The second day started with Erteschik-Shir’s class in which she discussed Topic- Focus constructions and Information Structure in detail with reference to her book Information Structure (see Book View). After lunch, Jayaseelan engaged in further discussion on the theory of Remnant-VP preposing and showed how it can help in explaining preposition stranding and OV word order. In the next session, Roberts focused on how some head movements have LF effects of polarity licensing and negative contraction.

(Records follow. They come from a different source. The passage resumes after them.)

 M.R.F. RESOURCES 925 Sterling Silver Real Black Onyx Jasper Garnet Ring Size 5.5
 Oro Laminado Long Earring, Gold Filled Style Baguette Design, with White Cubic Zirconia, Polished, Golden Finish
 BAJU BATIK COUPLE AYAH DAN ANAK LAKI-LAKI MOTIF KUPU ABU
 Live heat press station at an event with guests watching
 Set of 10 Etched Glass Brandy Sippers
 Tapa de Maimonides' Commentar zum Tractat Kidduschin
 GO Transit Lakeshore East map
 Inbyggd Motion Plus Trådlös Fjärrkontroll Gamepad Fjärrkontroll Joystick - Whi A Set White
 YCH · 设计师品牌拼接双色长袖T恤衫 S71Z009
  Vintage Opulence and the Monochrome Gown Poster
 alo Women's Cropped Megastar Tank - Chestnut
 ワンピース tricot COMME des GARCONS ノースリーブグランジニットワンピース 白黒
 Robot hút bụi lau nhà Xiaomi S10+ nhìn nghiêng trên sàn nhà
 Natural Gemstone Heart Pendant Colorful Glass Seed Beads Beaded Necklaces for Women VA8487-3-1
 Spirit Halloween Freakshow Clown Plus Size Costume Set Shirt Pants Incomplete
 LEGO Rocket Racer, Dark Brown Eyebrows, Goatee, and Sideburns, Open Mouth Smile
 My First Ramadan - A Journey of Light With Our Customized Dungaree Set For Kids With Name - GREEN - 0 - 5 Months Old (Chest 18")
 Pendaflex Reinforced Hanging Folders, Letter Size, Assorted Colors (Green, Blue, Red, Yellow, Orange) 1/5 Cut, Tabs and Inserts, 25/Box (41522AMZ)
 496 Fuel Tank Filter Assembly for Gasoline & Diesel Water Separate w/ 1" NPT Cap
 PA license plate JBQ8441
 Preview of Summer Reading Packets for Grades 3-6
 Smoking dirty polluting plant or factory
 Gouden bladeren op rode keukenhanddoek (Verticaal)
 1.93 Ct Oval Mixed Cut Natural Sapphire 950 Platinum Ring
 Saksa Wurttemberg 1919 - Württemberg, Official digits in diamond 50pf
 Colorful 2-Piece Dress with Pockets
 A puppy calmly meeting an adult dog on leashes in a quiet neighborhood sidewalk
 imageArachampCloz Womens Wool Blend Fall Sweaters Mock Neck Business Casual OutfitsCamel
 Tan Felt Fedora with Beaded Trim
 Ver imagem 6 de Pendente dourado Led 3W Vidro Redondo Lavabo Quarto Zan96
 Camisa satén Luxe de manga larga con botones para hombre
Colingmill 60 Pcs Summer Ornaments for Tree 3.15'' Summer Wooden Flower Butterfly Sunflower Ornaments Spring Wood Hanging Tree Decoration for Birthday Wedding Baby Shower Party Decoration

In continuation of the last class, Roberts discussed Lechner’s (2005) argument on Semantically Active Head Movement, Matushansky (2006), and Burzio (2006), which showed that head movement is a part of narrow syntax and has LF effects. Further, going into Agree relations and the notion of pied piping, he showed that Structure Preservation Principle and Chain Uniformity Conditions do not support pied piping of the Goal (phrase movement) but the A-over-A condition and Rackowski and Richards’ (2005) view of closest Goal showed that movement of head (Goal) and the GoalP are allowed. He further discussed Marantz’s idea of minimal phase and defective goal. Later, Erteschik-Shir detailed an account of Focus structure, discussing Focus in general along with its types and effects and its relation to stress, topic, etc. After tea, Holmberg, in continuation of his discussion over null pronominals, gave a full account of the typology of Null subject languages with extensive examples from Finnish and showed that generic interpretations are possible in some languages where there is no D feature in T.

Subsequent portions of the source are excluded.